"She does have a routine in the book as well. It's not as prescriptive as Gina Ford but saying your baby has to Eat, then have an Activity then Sleep is still a set routine that can leave brand new mums feeling inadequate if their baby doesn't follow it. "
I agree that it is not well communicated, but her website does make it clear that they are only to be regarded as samples, not as routines - because you should be following your baby. This is from her website...
"E.A.S.Y. is not a schedule. A schedule is more about focusing on the clock, whereas E.A.S.Y. is about focusing on your baby and his cues and needs. Rather than following time slots, E.A.S.Y. follows a daily pattern of events. By doing so, we guide our children and teach them by repetition. "The most important aspect of E.A.S.Y. is to read your child's signs-of hunger, of fatigue, of overstimulation-which is more important than any time slot." (page 20) "
I agree that this should be made clearer, that the samples are to give you a clue to building your own routine, not for you to follow.
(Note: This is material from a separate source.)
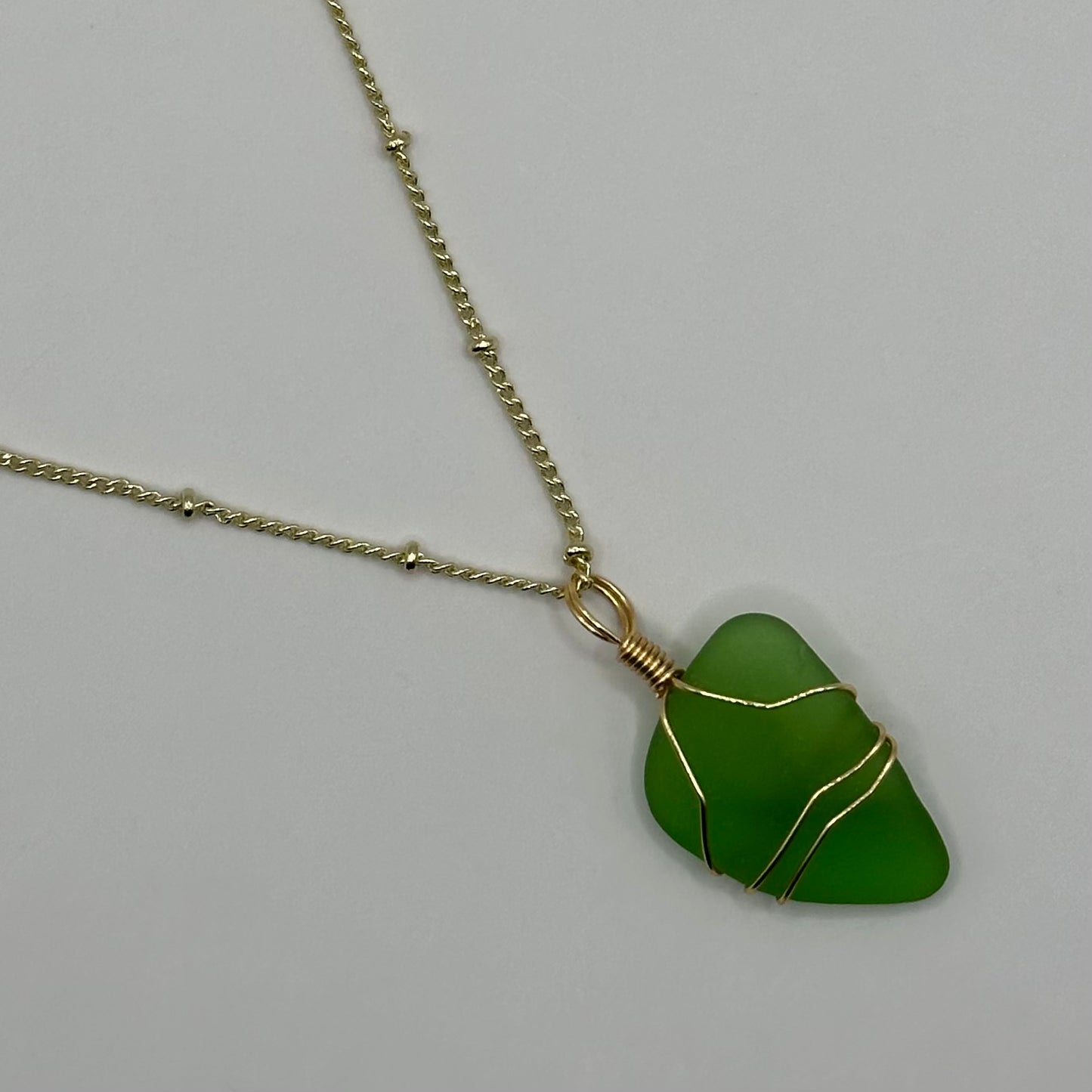 Green Seaglass on Gold Dot Link Chain Necklace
Also, she could clarify what she means by activity... for example, on her website she talks about activity being like "Infants entertain themselves by cooing and gooing at their caretakers and staring at the wavy lines on the dining room wallpaper." People misinterpret that as the baby having to play etc, when that is not what she is saying, so it gets misinterpreted, because I don't think she is always clear.
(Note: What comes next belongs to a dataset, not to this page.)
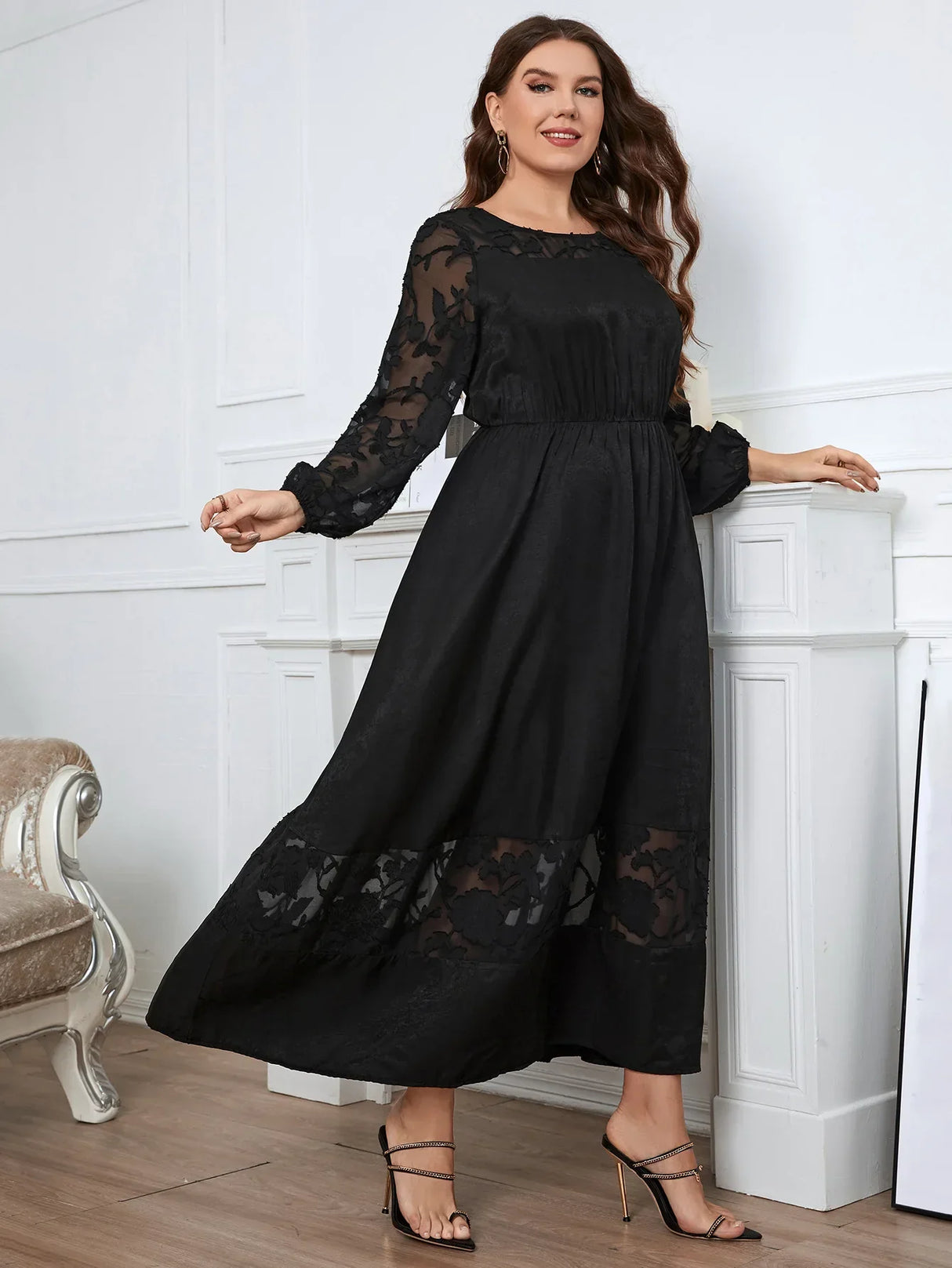 Plus Size Lace Women Dress See Through Long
I also agree that her explanation on accidental parenting is badly explained, but I did not read it as you said - I understood that chapter to be saying that what a baby needs is to have a steady guide, for parents to be consistent (on whatever 'philosophy' you follow, obviously she'd prefer hers!), but what she was against was the chopping and changing of philosophies. For example, I have read on another site, where a parent had started out with a cot, fell into co-sleeping, but wasn't getting enough sleep and then decided to do controlled crying. If that is what she is saying, then I have to say I do kind of agree. I think the best thing for a baby is consistency - not using this method this week, and trying that method next week. One week sleeping with your baby and attending every whimper, next week removing yourself completely and no cuddles at all. Surely that must be disconcerting for a baby?
But again, I think it comes back to the fact as I said in my pp, that many points of her book are very badly explained and may give off the wrong impression. For example,in her interview she does not recommend the PUPD until 18 months for the method described in the books, and she also gave a simpler version for children from 6 months. Yet none of this is clearly explained in her book. As a result, I think it often gets misunderstood and she is accused of doing things, like enforcing a schedule onto a baby which she has blatantly said (on the website) that she is not trying to do.